━━ EXCERPTED DATA

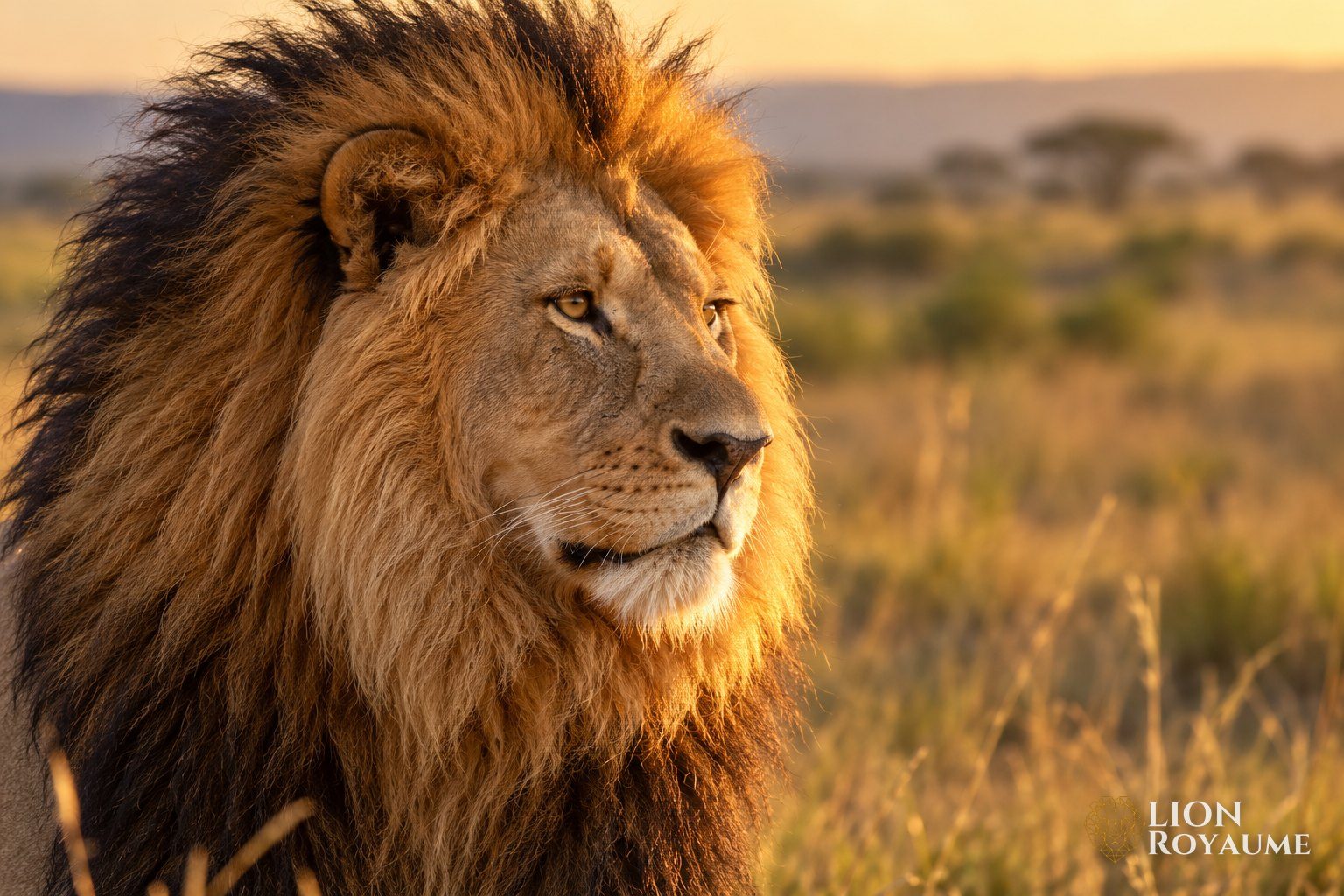 Gros plan sur la crinière épaisse d'un lion mâle dans la lumière dorée de la savane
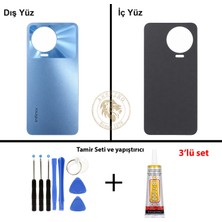 Arsking Infinix Note 12 Pro Mavi Uyumlu Arka Kapak + Yapıştırıcı ve Vida Seti Arka Cam Batarya Pil Kapağı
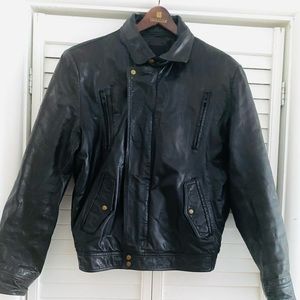 Vintage leather motorcycle cafe style racer jacket coat sz 40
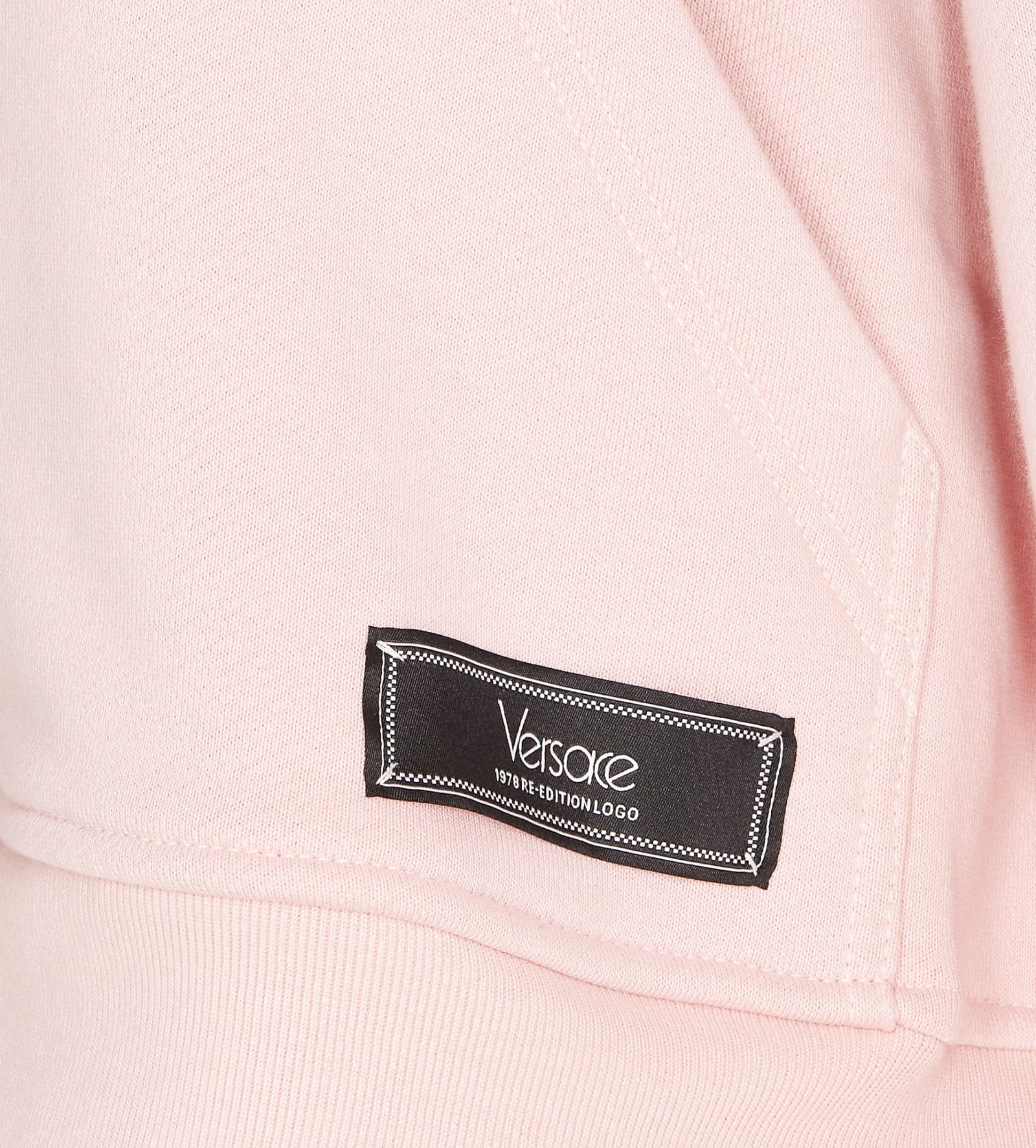 Shop Versace Logo Hoodie In Pink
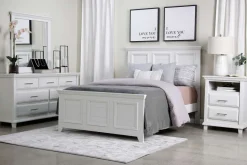 Mor Furniture Bedroom Sets|Bella Panel Bed, Dresser, Mirror & Nightstand In White, Twin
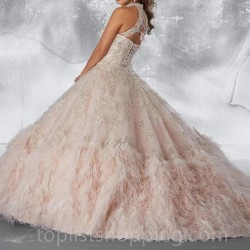 Light Pink Shiny Quinceanera Dresses Ball Gown Birthday Lace Up Applique Lace Beads Tiered Feather Sweet 16 Dress 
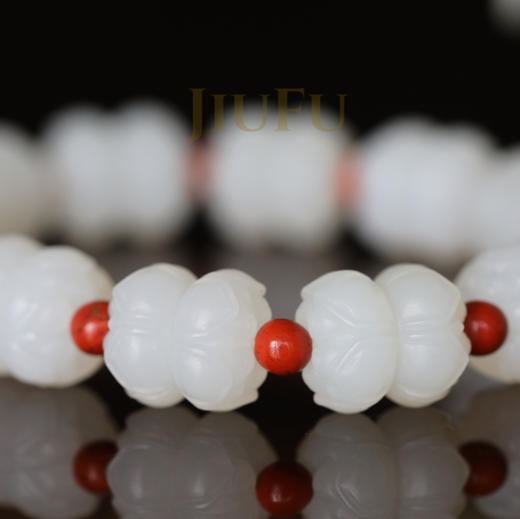 和田玉（羊脂白玉）手串--并蒂同心 40.43g 商品图2
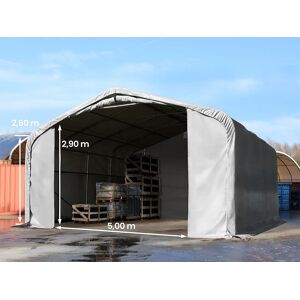 Toolport 7x7m 2.6m Sides Commercial Storage Shelter, 5x2.9m Drive Through, PVC 850, grey with statics package (soft ground anchors) - (49467)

━━━━

## YOUR GOAL
Please retype the data exactly. The pictures do not go in.

## TASK SOLUTION
 Gros plan sur la crinière épaisse d'un lion mâle dans la lumière dorée de la savane
 Arsking Infinix Note 12 Pro Mavi Uyumlu Arka Kapak + Yapıştırıcı ve Vida Seti Arka Cam Batarya Pil Kapağı
 Vintage leather motorcycle cafe style racer jacket coat sz 40
 Shop Versace Logo Hoodie In Pink
 Mor Furniture Bedroom Sets|Bella Panel Bed, Dresser, Mirror & Nightstand In White, Twin
 Light Pink Shiny Quinceanera Dresses Ball Gown Birthday Lace Up Applique Lace Beads Tiered Feather Sweet 16 Dress 
 和田玉（羊脂白玉）手串--并蒂同心 40.43g 商品图2
 Toolport 7x7m 2.6m Sides Commercial Storage Shelter, 5x2.9m Drive Through, PVC 850, grey with statics package (soft ground anchors) - (49467)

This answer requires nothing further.